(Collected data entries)

——

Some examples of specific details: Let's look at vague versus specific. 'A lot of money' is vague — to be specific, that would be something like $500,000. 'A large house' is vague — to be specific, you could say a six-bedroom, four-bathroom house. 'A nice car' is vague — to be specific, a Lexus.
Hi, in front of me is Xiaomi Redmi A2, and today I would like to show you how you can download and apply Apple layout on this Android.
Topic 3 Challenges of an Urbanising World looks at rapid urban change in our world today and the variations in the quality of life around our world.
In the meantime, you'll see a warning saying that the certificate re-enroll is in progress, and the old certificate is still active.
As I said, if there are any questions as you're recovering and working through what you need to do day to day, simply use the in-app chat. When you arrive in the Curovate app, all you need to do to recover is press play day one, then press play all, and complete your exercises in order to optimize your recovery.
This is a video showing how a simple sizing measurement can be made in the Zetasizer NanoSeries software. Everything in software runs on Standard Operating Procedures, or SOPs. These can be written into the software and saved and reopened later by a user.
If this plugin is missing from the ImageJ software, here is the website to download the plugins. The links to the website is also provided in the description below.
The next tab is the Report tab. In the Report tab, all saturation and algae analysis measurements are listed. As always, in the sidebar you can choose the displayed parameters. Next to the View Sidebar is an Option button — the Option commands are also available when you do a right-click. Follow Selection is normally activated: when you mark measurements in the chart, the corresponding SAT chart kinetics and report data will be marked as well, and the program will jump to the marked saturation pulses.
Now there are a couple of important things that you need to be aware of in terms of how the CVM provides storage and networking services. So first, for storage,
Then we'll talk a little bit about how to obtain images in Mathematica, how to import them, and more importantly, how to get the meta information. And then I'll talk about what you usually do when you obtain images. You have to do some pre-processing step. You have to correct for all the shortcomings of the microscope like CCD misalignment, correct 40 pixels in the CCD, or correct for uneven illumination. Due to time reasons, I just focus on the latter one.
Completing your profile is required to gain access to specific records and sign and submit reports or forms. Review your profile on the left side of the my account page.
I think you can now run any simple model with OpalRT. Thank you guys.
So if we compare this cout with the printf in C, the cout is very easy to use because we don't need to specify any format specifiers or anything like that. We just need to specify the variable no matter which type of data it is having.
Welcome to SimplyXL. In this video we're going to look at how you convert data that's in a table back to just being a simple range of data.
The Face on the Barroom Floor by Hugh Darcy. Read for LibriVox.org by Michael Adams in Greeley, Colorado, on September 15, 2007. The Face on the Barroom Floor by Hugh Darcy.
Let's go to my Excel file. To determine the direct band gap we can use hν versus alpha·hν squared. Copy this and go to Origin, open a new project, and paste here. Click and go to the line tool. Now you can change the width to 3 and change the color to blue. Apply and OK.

——

*Requirement*: Begin with the first line of the data above and, please, print each line exactly until you have printed the line containing "Hi, in front"; print nothing else.

*Exercise solution*:
Some examples of specific details: Let's look at vague versus specific. 'A lot of money' is vague — to be specific, that would be something like $500,000. 'A large house' is vague — to be specific, you could say a six-bedroom, four-bathroom house. 'A nice car' is vague — to be specific, a Lexus.
Hi, in front of me is Xiaomi Redmi A2, and today I would like to show you how you can download and apply Apple layout on this Android.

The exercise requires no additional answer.